This week, U.S. Representative Mike Quigley (D-5th) is releasing a list of 60 ideas to reduce the federal debt and deficit spending—and already, one of the smallest proposals in the pack has stirred up angry opposition. Quigley advocates ending the home mortgage interest deduction for boats that owners have claimed as second homes. “A boat is not an essential item for a typical family—like a house or a car,” Quigley told me Monday. “When we’re looking at massive cuts in the Department of Defense and education, we can’t afford to be giving these folks a government subsidy for buying a boat.” (While not technically a subsidy, allowing boat owners to write off mortgage interest pre-tax is tantamount to a tax give-back by the government.)

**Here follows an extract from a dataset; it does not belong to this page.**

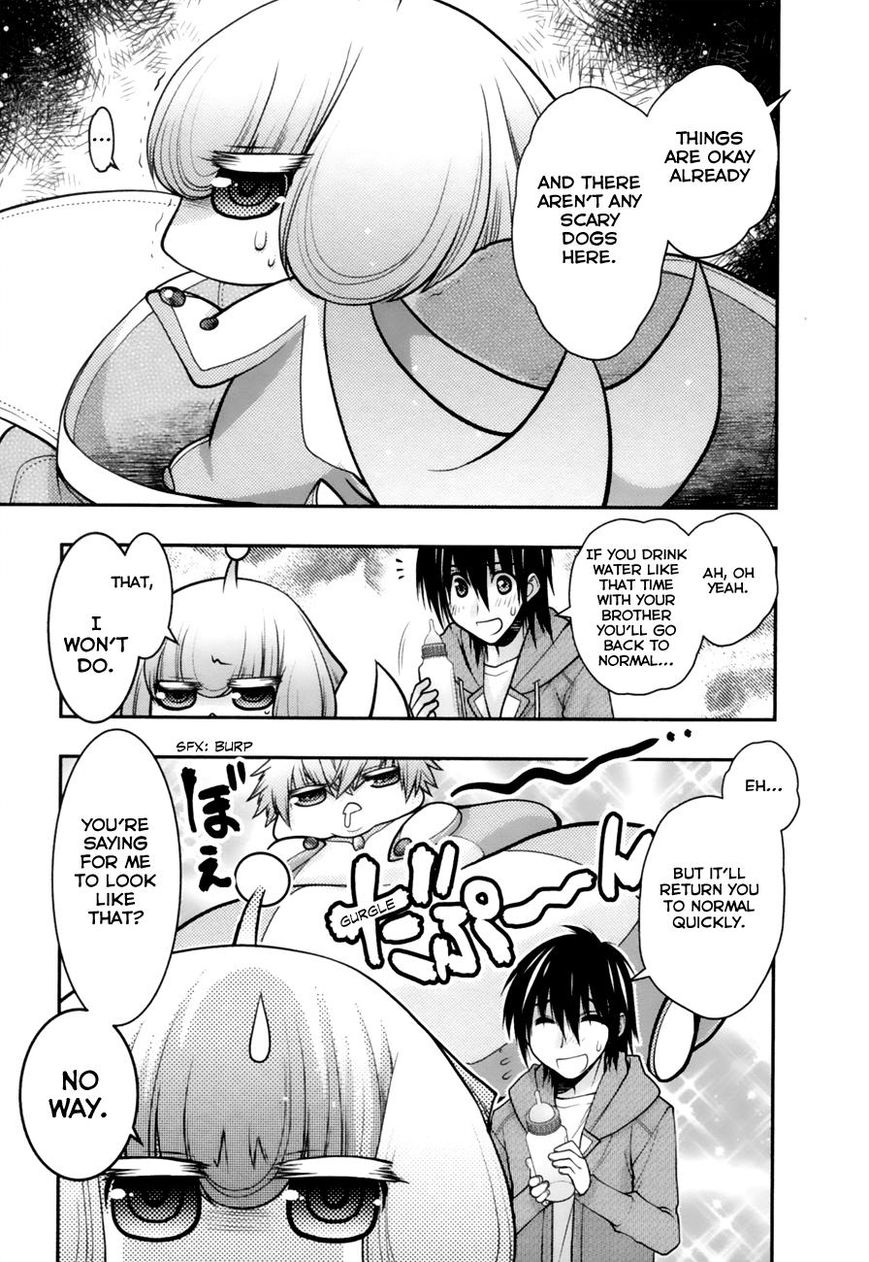 Sora x Rira - Sorairo no Lila to Okubyou na Boku Chapter 7 page 21 - Chapter 7 : Little Lila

Although Quigley opposes efforts to eliminate the mortgage interest deduction for a homeowner’s primary residence, he was unequivocal about eliminating it for boat owners. “What this [proposal] does is say you’re not going to get a government incentive to buy a boat,” he said. As proposed, the new rule would not apply to people who owned boats before the law goes into effect (if it does). As the law stands now, boat owners can claim the mortgage interest deduction for a vessel that has cooking, sleeping, and toilet facilities.
On May 3rd, Quigley and two Congressional colleagues issued a press release announcing the Ending Taxpayer Subsidies for Yachts Act. The next day, I heard from Kurt Fujio, a Coldwell Banker agent and real-estate attorney who runs the blog Sail Fast Chicago. Although Fujio doesn’t own a boat, he called the proposal a “job killer” because it would effectively increase the cost of buying and owning a boat. He added that the City of Chicago, which operates north America’s largest municipal harbor system, estimates that boat owners here spend $69 million a year on their vessels. “Do you want to cut that off?” he asked.
Lou Sandoval, a co-owner of Karma Yacht Sales at 36th and Halsted, blogged last week that the rule would hamper a comeback in yacht sales. On Tuesday, Sandoval told me that Quigley’s bill wouldn’t impact the super-rich. The proposed change, he said, “is going to fall on what is considered a middle-class or average boater, who spends $200,000 on a boat and can only afford to do that because of what the deduction offsets.” (He also noted that people with $1 million or more in mortgage debt cannot take the boat deduction.)
Fujio and Sandoval both accused Quigley of “class warfare,” picking on yacht owners as privileged fat cats. But Quigley countered that “everyone is going to have to share the pain, including boat owners.” Congressional staff say that, because the IRS does not separate boat deduction claims from all second-home claims, there is no way of knowing how much money is at stake. One staffer sent me a six-year-old Seattle newspaper article that put the amount at about $1 billion.
Rather than worrying about the exact dollar figure, Quigley said he is focusing on “everything we can do to reduce the debt and deficit. We’re in a crisis situation. If we can’t get this [boat rule] changed, how are we going to do the hard choices?”